V. V. : Grâce aux mots des mondes différents se rapprochent. À l’intérieur de la Méditerranée d’aujourd’hui, quel est le poids de votre écriture ?

A. L. : Ce ne serait pas honnête de ma part si je disais le contraire. Je représente en Italie un exemple heureux de rencontre entre les cultures. Je suis souvent invité pour représenter l’Italie. Aujourd’hui, à Montpellier, je représente l’Algérie, mais en réalité j’ai parlé de l’Italie, à travers mes romans je représente l’Italie. Il y a deux ans j’ai été invité en Australie pour représenter l’Italie au festival de Sidney, son plus grand festival littéraire ; l’année dernière j’ai été en Algérie pour une rencontre organisée par la Communauté Européenne, j’ai été invité par l’Institut Culturel Italien afin de représenter l’Italie. Sur le catalogue de présentation, à côté de mon nom, figurait le drapeau italien, j’ai donc représenté l’Italie en Algérie. L’Italie est une partie de moi, non seulement parce que je suis citoyen italien, j’écris en italien je fréquente la culture italienne, je parle italien avec ma femme même si elle est américaine, c’est aussi la langue de mon intimité. Donc je représente en ce sens quelque chose de positif, et cela me fait plaisir. 

V. V. : L’Italie des années 80 a exclu une génération d’écrivains migrants ainsi que leur apport culturel. Les auteurs migrants comme vous, unis aux enfants écrivains des migrants, pourraient-ils constituer une possibilité afin de rattraper le temps perdu et les occasions de rencontre manquées ?

A. L. : Je l’espère, car il s’agit d’une présence fondamentale qui nous fait goûter à l’Italie du futur. Nous sommes en ce sens des présages du futur, l’Italie qui est en train d’arriver ; beaucoup font semblant de ne pas voir, mais si on regarde les crèches ou les écoles primaires, il est possible de voir cette forte présence. Toutefois, la loi et la politique sont très en retard, car ces enfants de migrants n’ont pas la citoyenneté italienne, car le droit du sol n’existe pas, c’est un problème important. Il s’agit aussi d’une présence littéraire, car il n’y a pas que des auteurs « italianissimi », je suis un auteur italien mais je ne sui pas « italianissimo », car je viens d’une autre culture et d’une autre langue.

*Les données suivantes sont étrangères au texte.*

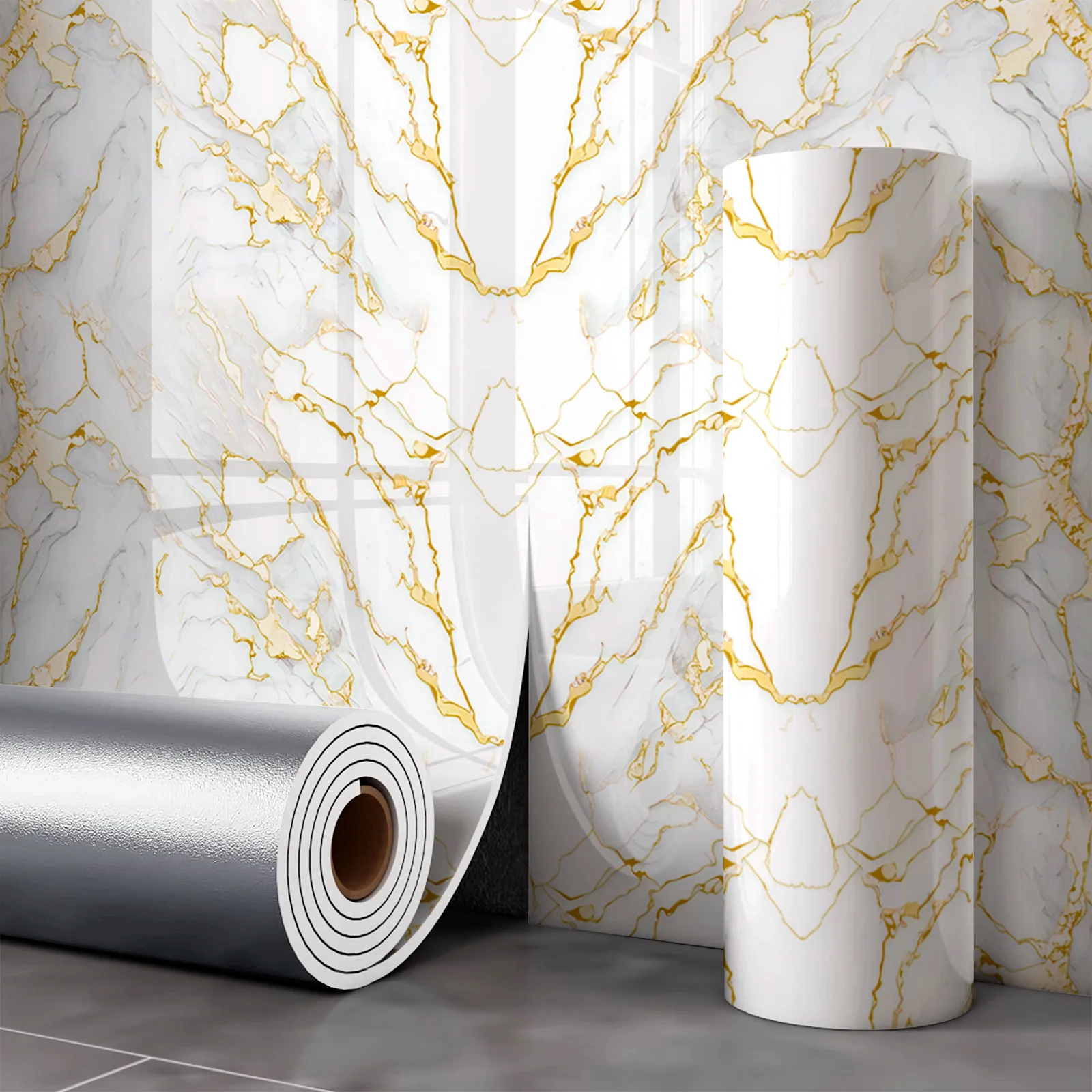 3D imitatie marmeren behang zelfklevend materiaal waterdicht dik marmeren tegelmuursticker slaapkamer keuken badkamer decor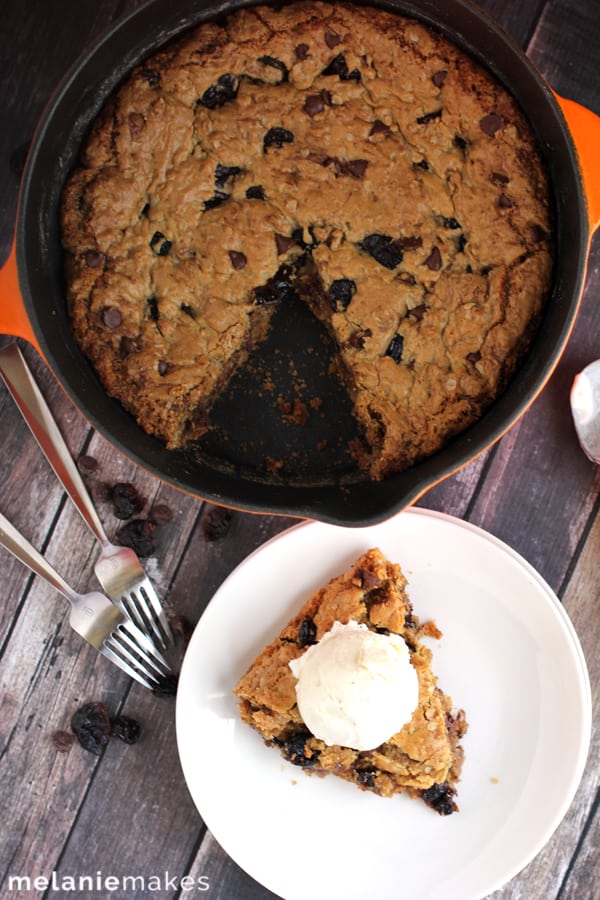 Oatmeal Chocolate Chip Cast Iron Skillet Cookie Recipe - About a Mom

V. V. : Quel effet cela vous a fait, y compris au niveau personnel aussi, d’avoir la tâche de diriger la section dédiée au Maghreb dans Nuovo Planetario Italiano ?

A. L. : C’était une vraie aventure, dans le sens où mon grand ami Armando Gnisci me l’a demandé et je n’ai pas pu le lui refuser. J’avais même oublié cet essai. Armando Gnisci est une personne exceptionnelle, j’ai de suite accepté quand il me l’a demandé, j’ai donc essayé de lire les auteurs et de faire le point sur cette littérature.